- How to complete this task -
Pictures in the data must not be copied, but everything else should be output exactly.

- Stored data -
· · ·

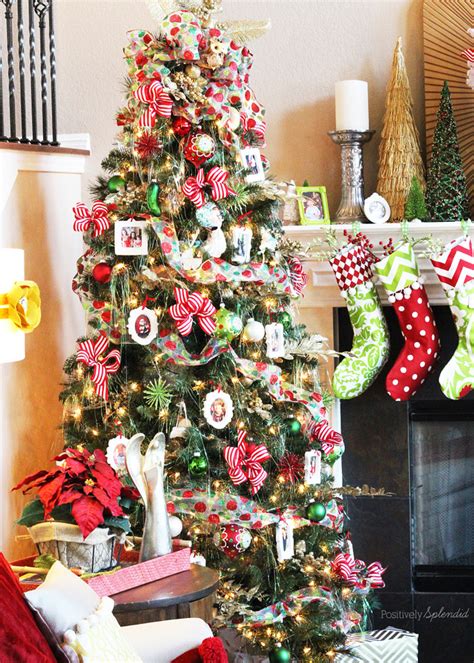 Christmas decoration list with pictures & names of the best types of christmas decor! Decorating a Christmas Tree in 10 Easy Steps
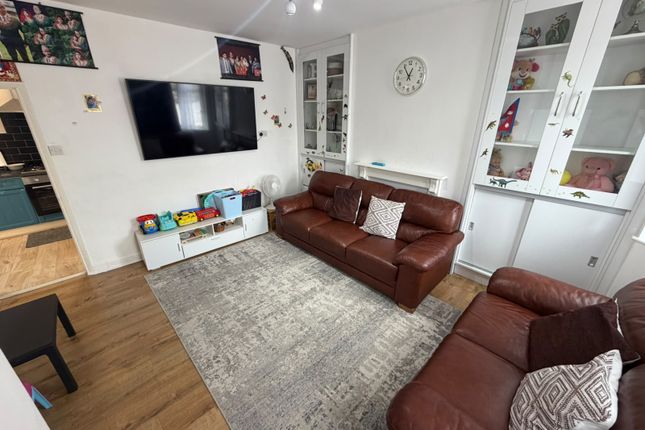 10, Roydene Crescent, Leicester photo 3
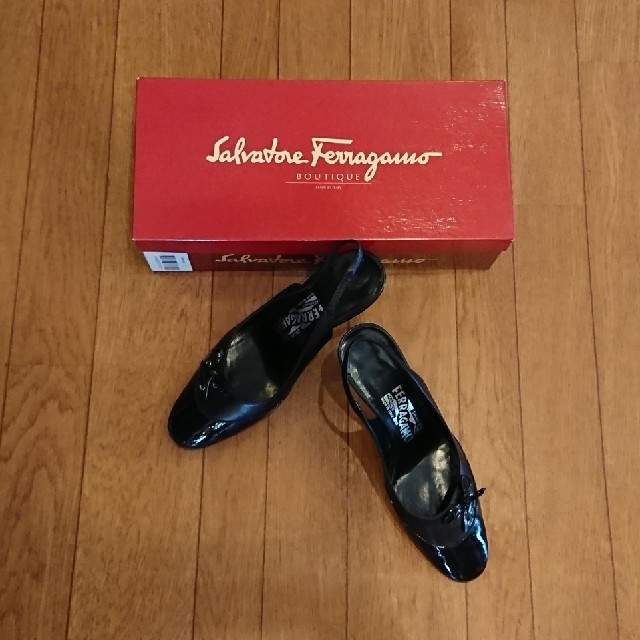 Salvatore Ferragamo(サルヴァトーレフェラガモ)の☆Ferragamoバックストラップ パンプス美品☆ レディースの靴/シューズ(ハイヒール/パンプス)の商品写真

· · ·

- Result for this exercise -
 Christmas decoration list with pictures & names of the best types of christmas decor! Decorating a Christmas Tree in 10 Easy Steps
 10, Roydene Crescent, Leicester photo 3
 Salvatore Ferragamo(サルヴァトーレフェラガモ)の☆Ferragamoバックストラップ パンプス美品☆ レディースの靴/シューズ(ハイヒール/パンプス)の商品写真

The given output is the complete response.